§ Dataset content:
────────────────

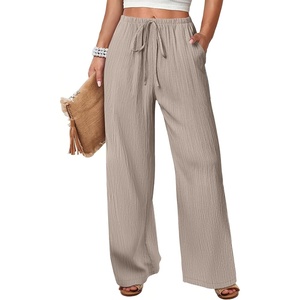 image:imageANRABESS Womens Wide Leg Casual Flowy Elastic Waist Beach Palazzo PantsBeige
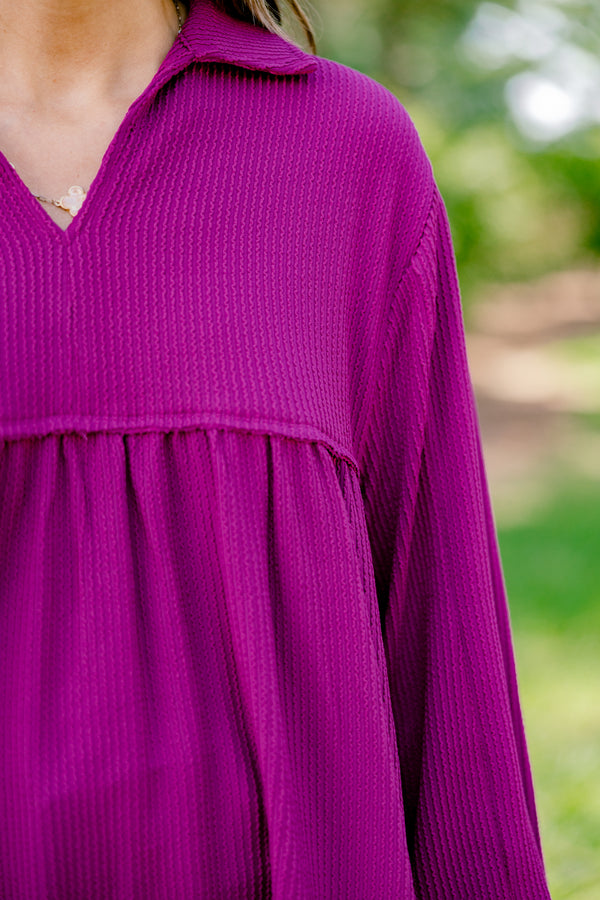 Chic Soul plus size clothing, purple long sleeve flowy top with collar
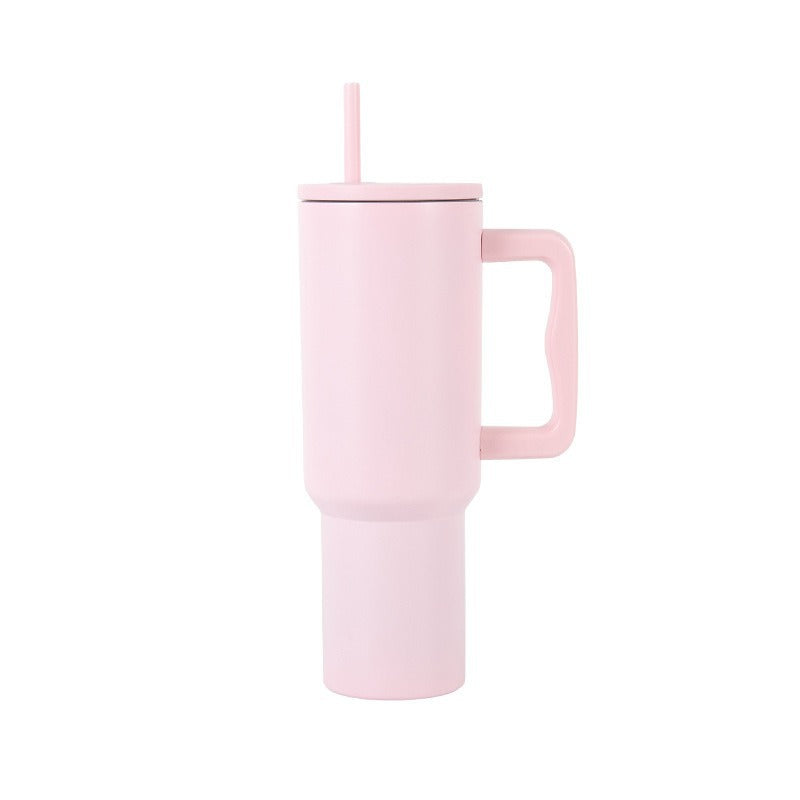40 oz Stainless Steel Tumbler with Handle and Straw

────────────────

§ What the task requires:
Your answer must be an exact copy of the lines above, from the line that contains "Chic Soul plus" through the final line, with no pictures in it.

§ Exercise result:
 Chic Soul plus size clothing, purple long sleeve flowy top with collar
40 oz Stainless Steel Tumbler with Handle and Straw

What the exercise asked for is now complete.